-- Data provided --
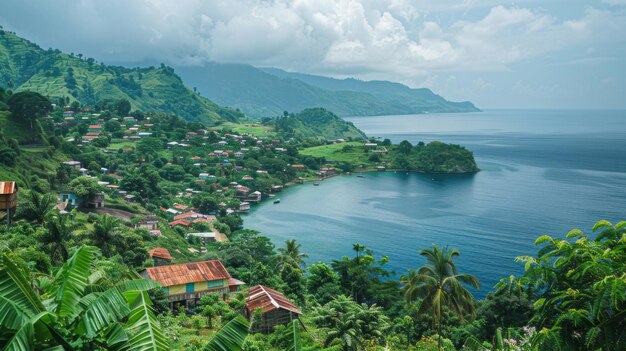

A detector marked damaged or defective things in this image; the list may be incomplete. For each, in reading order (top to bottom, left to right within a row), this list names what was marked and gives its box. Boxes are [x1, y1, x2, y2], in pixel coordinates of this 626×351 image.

rusty corrugated metal roof [145, 260, 230, 288]
rusty corrugated metal roof [245, 286, 302, 316]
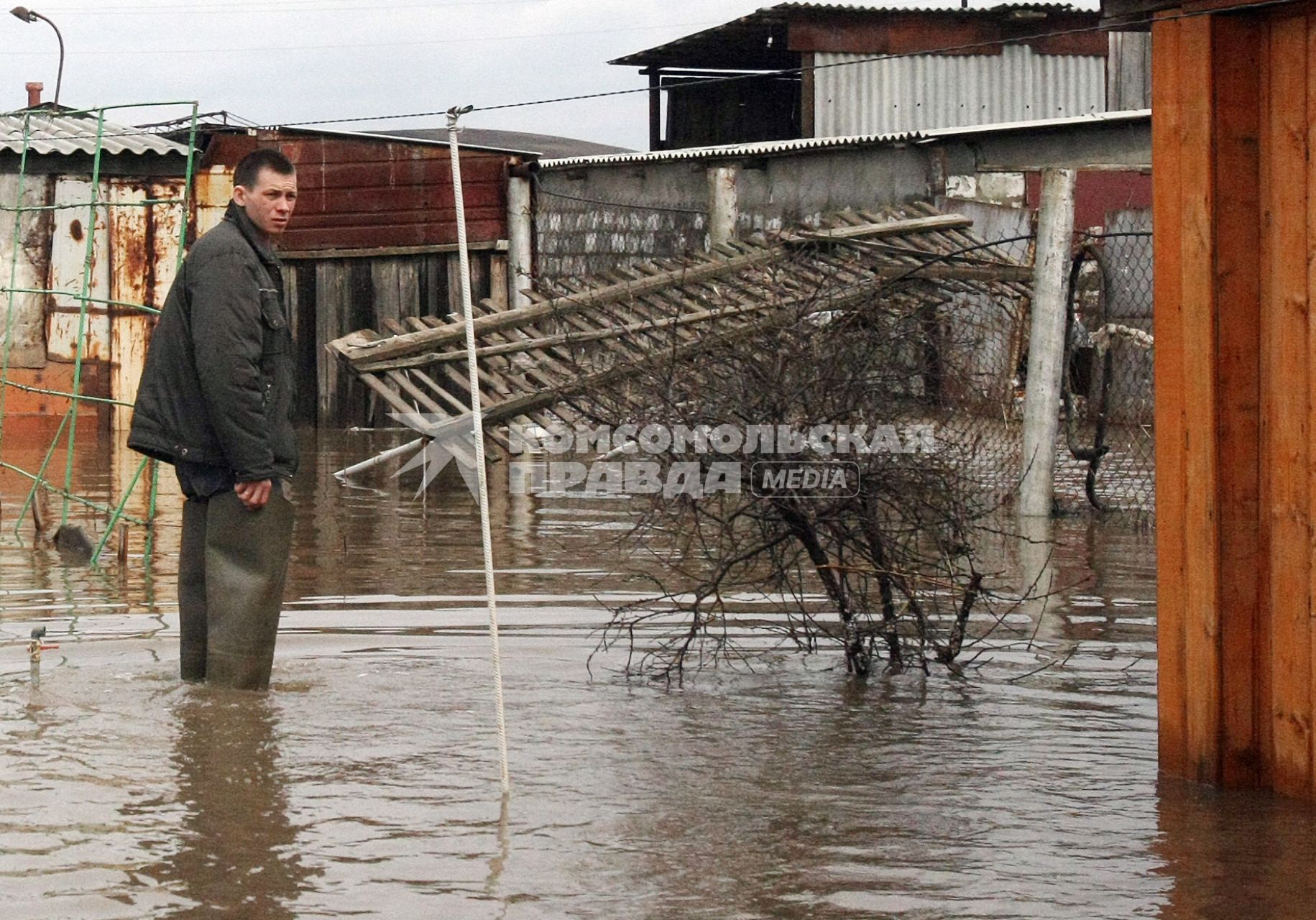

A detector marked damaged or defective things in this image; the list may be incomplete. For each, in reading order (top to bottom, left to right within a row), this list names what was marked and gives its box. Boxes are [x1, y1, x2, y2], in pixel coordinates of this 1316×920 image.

rusty shed [612, 2, 1144, 150]
rusty shed [0, 104, 191, 428]
rusty shed [187, 124, 540, 426]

-- Task to complete --
At the line with "this 1316×920 image.", start returning lines exactly, and stop after the final line of the listing.

-- Task result --
A detector marked damaged or defective things in this image; the list may be incomplete. For each, in reading order (top to bottom, left to right within a row), this list names what was marked and gives its box. Boxes are [x1, y1, x2, y2], in pixel coordinates of this 1316×920 image.

rusty shed [612, 2, 1144, 150]
rusty shed [0, 104, 191, 428]
rusty shed [187, 124, 540, 426]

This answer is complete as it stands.